As a buyer, you want the talent you procure from staffing and workforce solutions firms to help solve your organization’s critical needs. That is why you should care about elevating and educating the contingent workforce, especially as the community is expected to keep growing as the definition of what is contingent work develops. Meanwhile, technology and generational changes in the way we work continue to make alternative work styles attractive to more workers. So how does that change the role of staffing for today’s ecosystem: buyers, staffing firms and workers?

Savvy buyers consider staffing firms and other workforce solutions providers as strategic partners that may be employers of choice for workers with skills that are at a premium. In fact, Staffing Industry Analysts Advisory Group (SIAAG) has published and promoted how standards, terminology and best practices are developing for the workforce solutions ecosystem. This information can help you position your company to compete in a market where the engagement model may ultimately be the talent’s choice.

The role of staffing has changed and continues to do so with technology and demand. For example, online staffing, talent communities and candidate experience are coming to the forefront due to technological advances along with worker preference and enterprise adoption. The battle for the talent continues and the role of staffing will morph. Will your company adapt and adopt? Most likely you already have or you will in the future.

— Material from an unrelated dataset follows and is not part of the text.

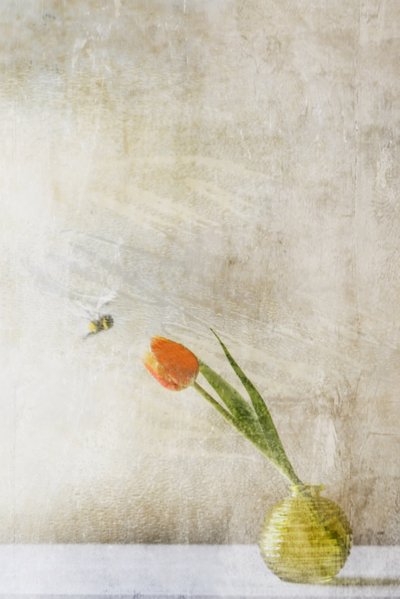  de Delphine Devos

Contingent employment in various flavors (staff augmentation, ICs, SOW, online staffing and more) continues to be used by buyers to fulfill peak and project needs but is now a mission critical component when looking at Total Talent Management for the enterprise. The staffing landscape has expanded with more players entering the scene providing a range of solutions within the Workforce Solutions Ecosystem.


With expansion comes a focus on ethics. I recently spoke with a buyer who called for a renewed spirit of partnership (instead of us/them) and focusing on hiring manager and contractor needs. And I’ve heard suggestions for a code of conduct or best practice list for mutual commitment. The American Staffing Association publishes a Code of Ethics that encourages high standards of ethical conduct in dealings with employees, clients and competitors. The SIAAG has published best practices for contingent workforce engagement and VMS integration and plans to expand knowledge and consistency in this arena as it works on its next report: contractor data requirements best practices.

All parties concerned know the process requires a demand-side marketplace for talent. Position your company and your supplier partners for success in a supply side marketplace as well, prepare for what happens when the next downturn hits. Make changes that are appropriate and elevate your strategy using best practices and industry standards. Use information such as What’s in the Contingent Worker Bill Rate  to see if the contingent worker price is right — a handy reference on page two gives you the right questions to ask.

The rate of change for all of the roles for today’s buyers, staffing firms and workers is going to be a force to be reckoned with. When you add in robotics, big data predictive analysis and a host of technology solutions that will either “enslave or liberate,” a change in the future of the industry and the customer experience is inevitable.